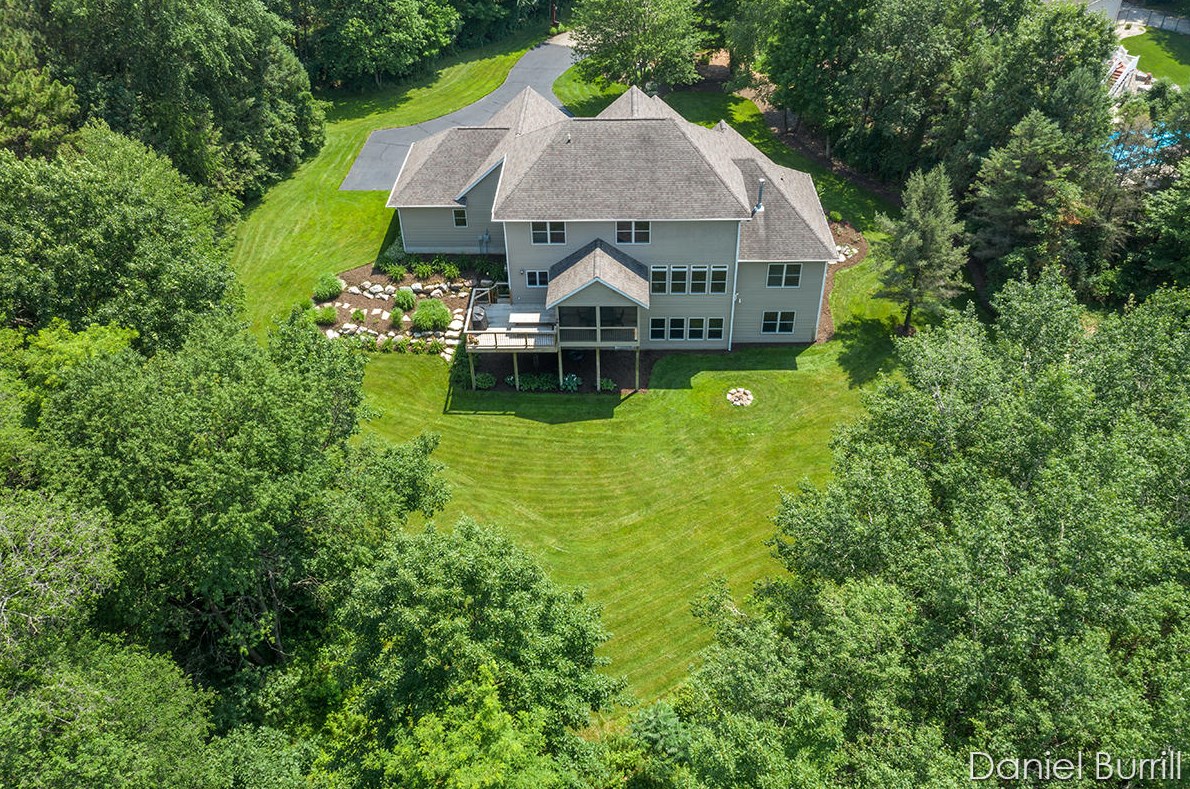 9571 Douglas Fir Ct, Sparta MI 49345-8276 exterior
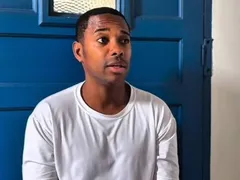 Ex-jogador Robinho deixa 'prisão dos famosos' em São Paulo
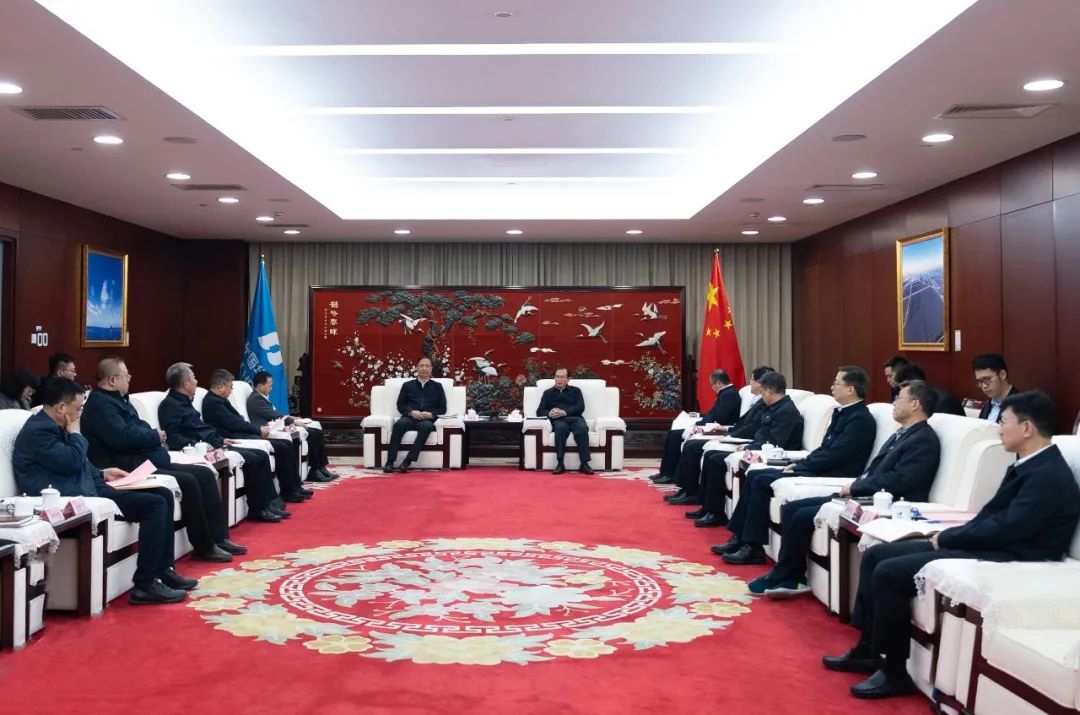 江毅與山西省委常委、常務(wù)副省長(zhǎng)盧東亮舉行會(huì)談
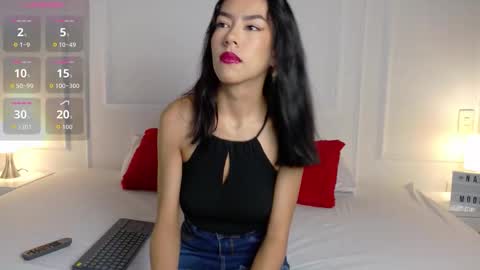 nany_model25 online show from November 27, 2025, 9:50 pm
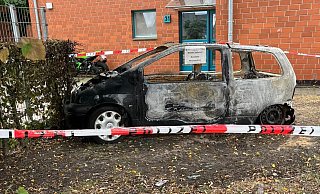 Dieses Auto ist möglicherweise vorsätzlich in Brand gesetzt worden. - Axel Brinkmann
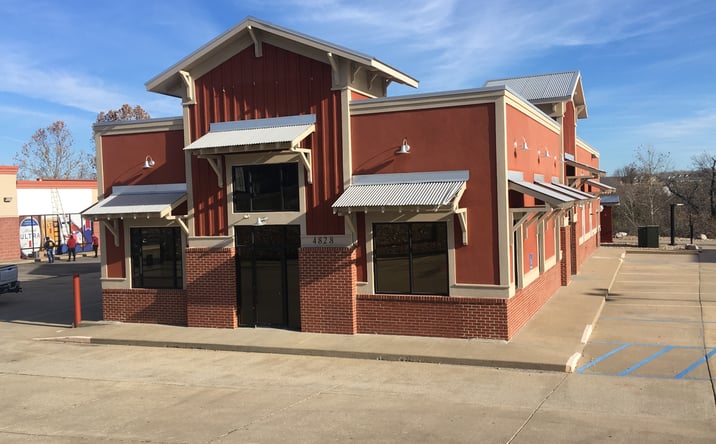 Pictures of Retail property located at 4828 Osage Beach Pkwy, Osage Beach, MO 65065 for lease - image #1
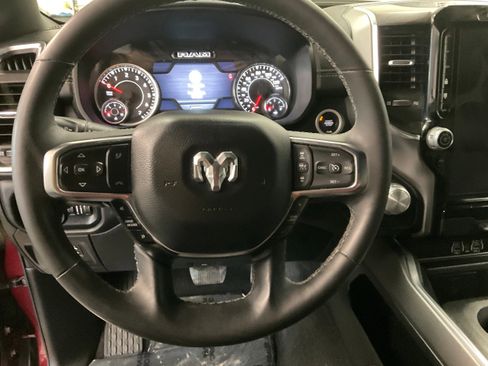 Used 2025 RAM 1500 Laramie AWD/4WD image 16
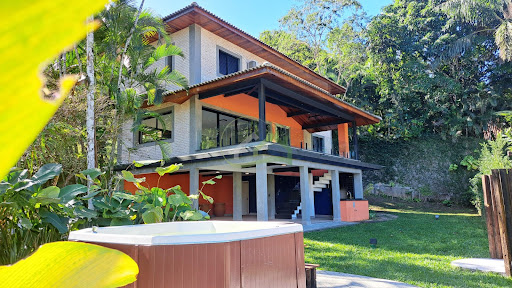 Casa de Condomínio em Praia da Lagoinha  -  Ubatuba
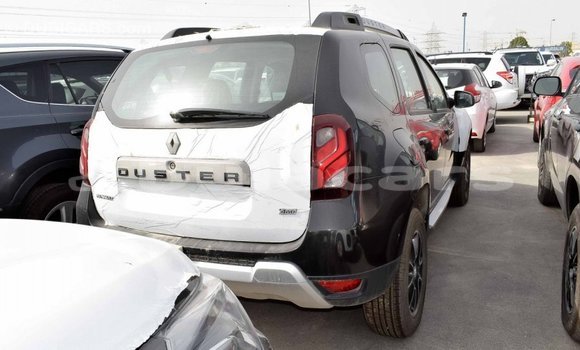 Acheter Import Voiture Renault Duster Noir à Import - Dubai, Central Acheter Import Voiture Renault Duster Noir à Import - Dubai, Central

########

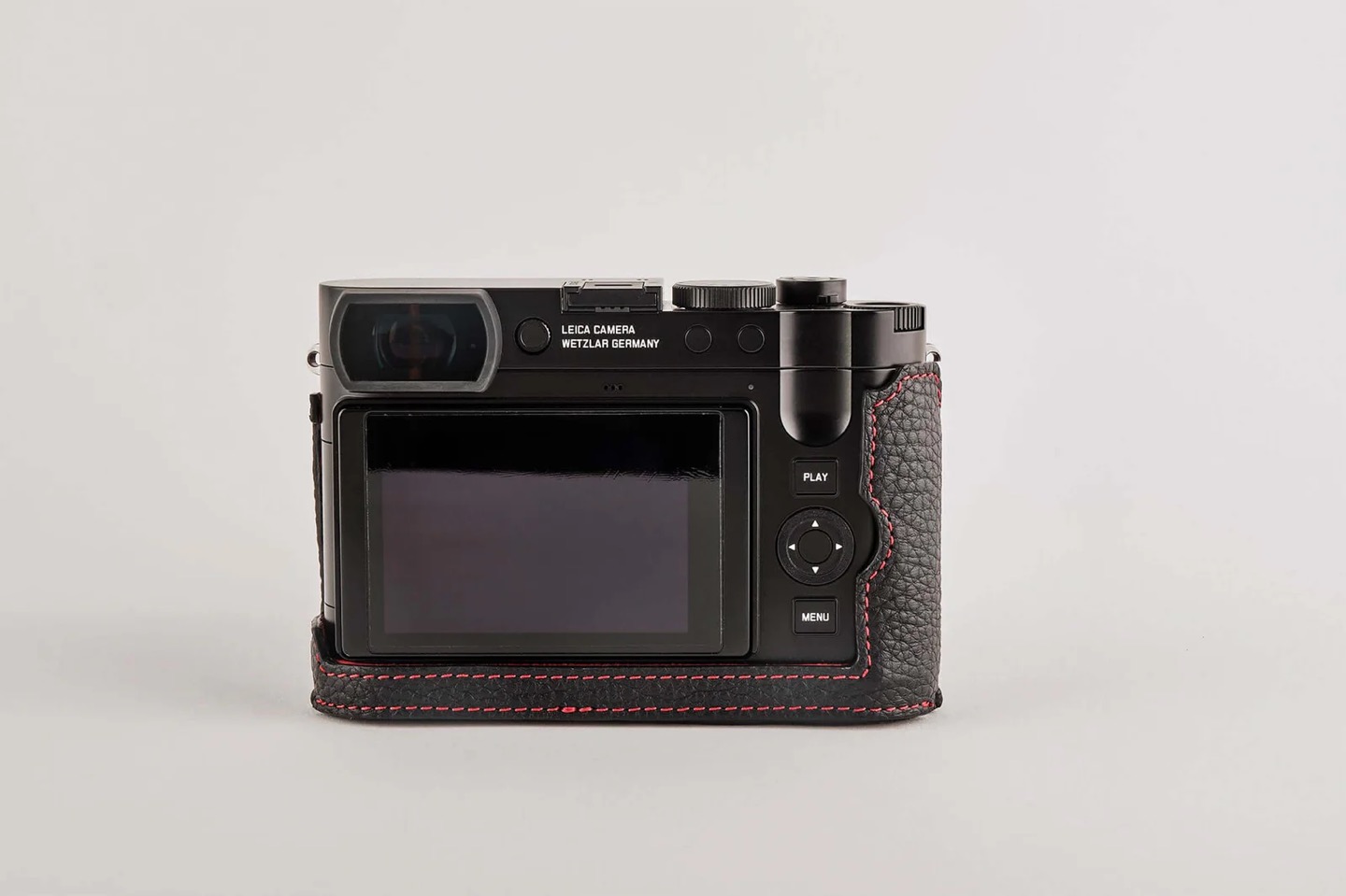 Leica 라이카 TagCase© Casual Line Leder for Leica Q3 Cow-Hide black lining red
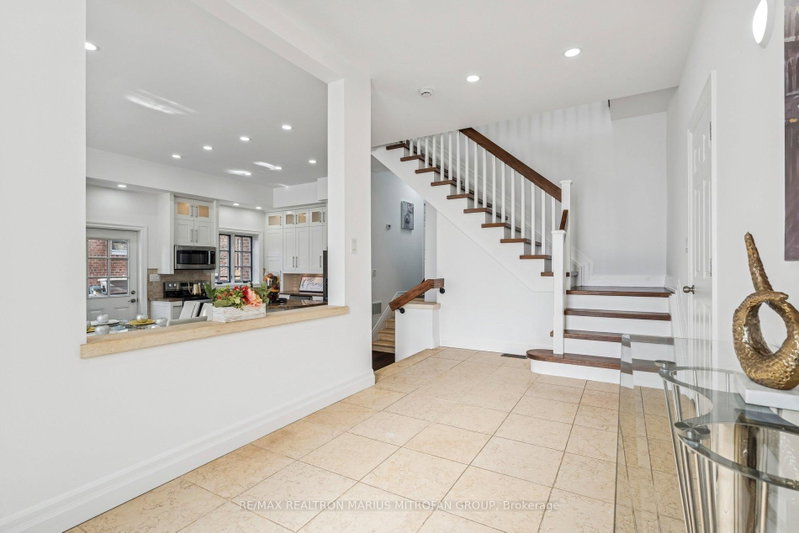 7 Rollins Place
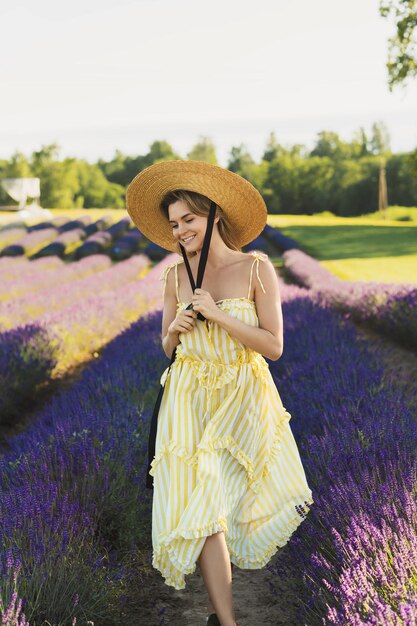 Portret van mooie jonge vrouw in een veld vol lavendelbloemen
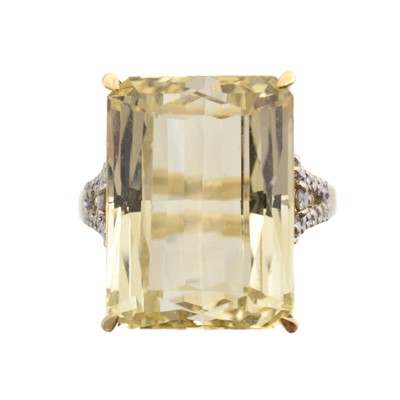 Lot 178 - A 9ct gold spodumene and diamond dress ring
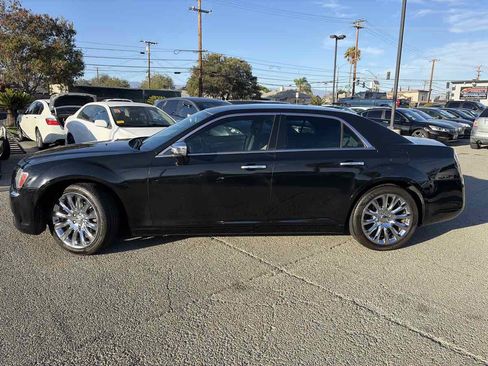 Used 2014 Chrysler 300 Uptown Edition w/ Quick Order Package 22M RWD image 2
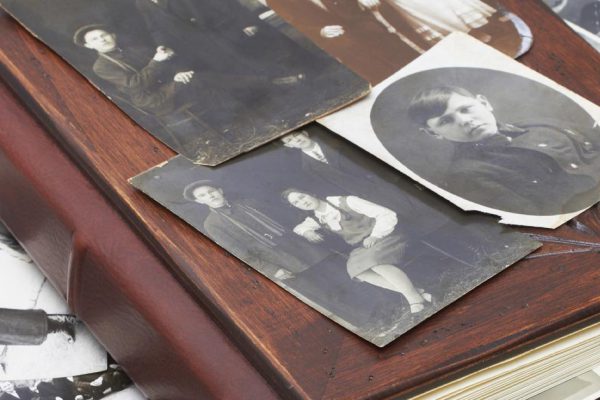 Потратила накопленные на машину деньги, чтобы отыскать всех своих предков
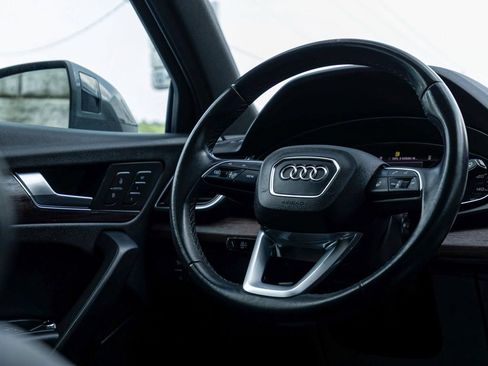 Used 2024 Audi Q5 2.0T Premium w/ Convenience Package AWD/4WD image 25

########

▶ **Exercise**
Give again, exactly as written above, each line from the one that has "Pictures of Retail" to the one that has "Dubai, Central Acheter", both included; omit the pictures.

▶ **Solution to this exercise**
 Pictures of Retail property located at 4828 Osage Beach Pkwy, Osage Beach, MO 65065 for lease - image #1
 Used 2025 RAM 1500 Laramie AWD/4WD image 16
 Casa de Condomínio em Praia da Lagoinha  -  Ubatuba
 Acheter Import Voiture Renault Duster Noir à Import - Dubai, Central Acheter Import Voiture Renault Duster Noir à Import - Dubai, Central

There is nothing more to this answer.